Key initiatives include Food Banks for Bees, The Pollinators Academy, and The Super Pollinator Program, which combine education, community engagement, and landscape impact at scale.
Team: 8 core team, ~30 workshop facilitators
Founded: 2016
Business model: Partnerships with companies, funds, and governments, plus donations and campaign collaborations
This Side Up is a coffee import company that represents coffee farmers transparently in the European market. Rather than acting as a traditional intermediary, they build direct, trust-based relationships between smallholder coffee communities and roasters.
Operating across 14 countries in Africa, Latin America, and Asia, This Side Up enables farmers to access markets, grow their independence, and reinvest in regenerative practices. Their fixed, non-percentage margin per kilo is fully transparent and linked to the actual services used, creating a more equitable distribution of value along the chain.
Team: 9
Founded: 2013
Business model: Fixed, transparent margin on every kilo of coffee, based on services rendered
Yassasree operates in the textile and agricultural value chain, focusing on regenerative and sustainable cotton production in India, Türkiye, and Sri Lanka. Through its brand initiative Raddis®, the company works with local organizations to support over 33,000 small-scale farmer families in transitioning from conventional to regenerative agriculture.
Raddis® offers a full value-chain model, from regenerative cotton cultivation to transparent partnerships with fashion and textile brands. Projects like the Circular Cotton Cascade advance circular economy practices, fair farmer remuneration, biodiversity enhancement, and traceability from field to finished garment.
Team: 3
Founded: 2010
Business model: B2B, margin-based sales and consultancy services
OostaMo creates slow-crafted botanical drinks made by steeping bags of dried botanicals in cold tap water overnight.
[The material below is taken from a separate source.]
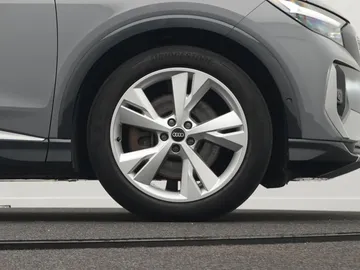 Car image 50
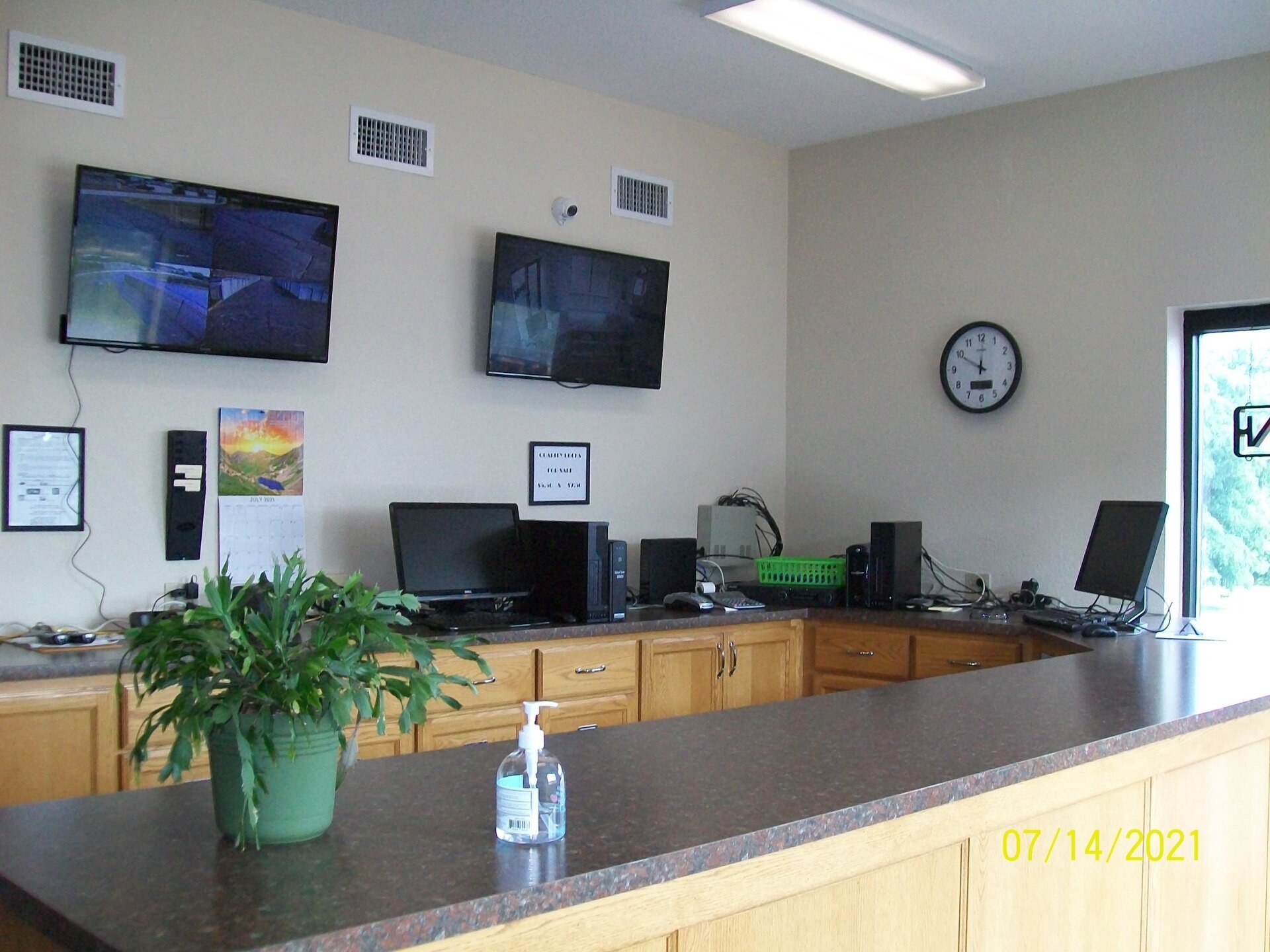 Dealfield Storage LLC Delafield, WI Contact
They provide cafés, restaurants, and offices with 100% natural, sugar-free, plastic-free drink bases.
By sourcing directly from small regenerative farmers and cutting out intermediaries, OostaMo builds transparent, nature-positive supply chains, ensuring fair pay for farmers while offering a climate-friendly alternative to conventional soft drinks.
Team: 4
Founded: 2021
Business model: B2B sales of botanical drink bags to food service clients
Roua Atelier is a sustainable natural dye company dedicated to transforming the textile dyeing industry. They develop and implement eco-friendly dyeing systems that minimize water use, energy consumption, and waste, making natural dyes a viable alternative to conventional synthetic processes.
Within The Regeneration Program, Roua Atelier aims to strengthen its regenerative business model and ownership structure, develop tools to measure true environmental and social impact, and explore sustainable funding strategies while connecting with a network of regenerative entrepreneurs, partners, and investors.
Team: 2 employees; 9 collaborators
Founded: 2020
Business model: B2B and B2C
Regeneration is no longer a “nice to have”, it’s becoming a strategic response to climate risk, biodiversity loss, social inequality, and tightening regulation. What’s often missing are the real-world examples that show how regenerative models can work across sectors, at different stages, and with viable business and ownership structures.
This cohort provides exactly that: a set of living, working examples that other entrepreneurs can learn from, corporates can partner with, investors can back, and researchers can study and help scale. Leading by example, covering almost a full value chain of regenerative innovation.
In the coming months, we’ll work alongside these organizations within The Regeneration Program as they refine their strategies, stress-test their business models, and explore collaborations with investors, corporates, researchers, and fellow entrepreneurs.